No alto do Morro do Gonçalves, bairro Jardim Íris, São João de Meriti – Rio de Janeiro – onde o sol se derramava sem cerimônia sobre os telhados, e os passos riscavam histórias nas escadarias e becos, havia um tempo em que felicidade era emprestada em canequinhas.

Pó de café, açúcar, farinha — não eram apenas mantimentos que se tomavam emprestados, eram símbolos de um pacto silencioso entre vizinhos que se entendiam pelo olhar e se pagavam com gratidão.

Metade do Morro do Gonsalves, era como uma grande família e todo mundo conhecia todo mundo. Claro, havia gente ruim, mas a grande maioria era gente trabalhadora, solidária e com grande senso comunitário.

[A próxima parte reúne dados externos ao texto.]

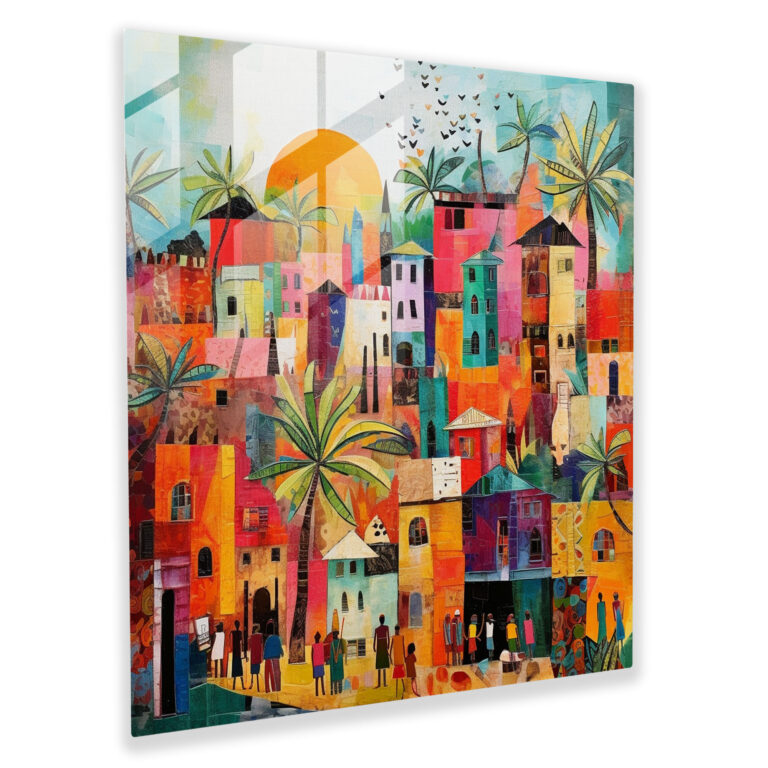 Cultural Fusion Glass Print - Village, Vibrant Village, Wall Decoration, Glass Print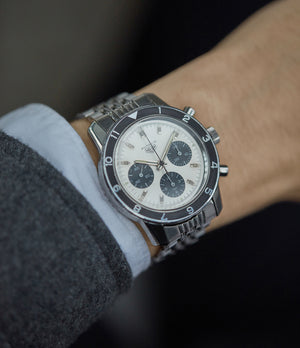 on wrist Heuer Autavia 2446 C SN silver dial rare chronograph test dial Valjoux 72 watch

À noite, depois do trabalho, do banho e do jantar ou ceia, os adultos se reuniam na rua, na porta de alguém, pra contar “causos”, enquanto nós, crianças, corríamos sem medo entre cercas e barrancos, reinventando brincadeiras como quem constrói mundos.

Era pique cola, pique bandeira”, “passar anel”, “garrafão”… e outros nomes mágicos que hoje foram esquecidos, mas nada se comparava à ‘Brincadeira de Roda’.

Era ali, todos de mãos dadas formando um círculo, girando sob o céu do meu Rio querido, que éramos convocados nominalmente um a um a entrar na roda, dizer um “verso bem bonito” antes de deixar o centro dela.

Eu dizia o meu verso e saía achando que aquilo era só brincadeira — não sabia que era a infância me ensinando a caber no mundo.

Hoje entendo: eu era feliz. Só não sabia que aquilo se chamava felicidade.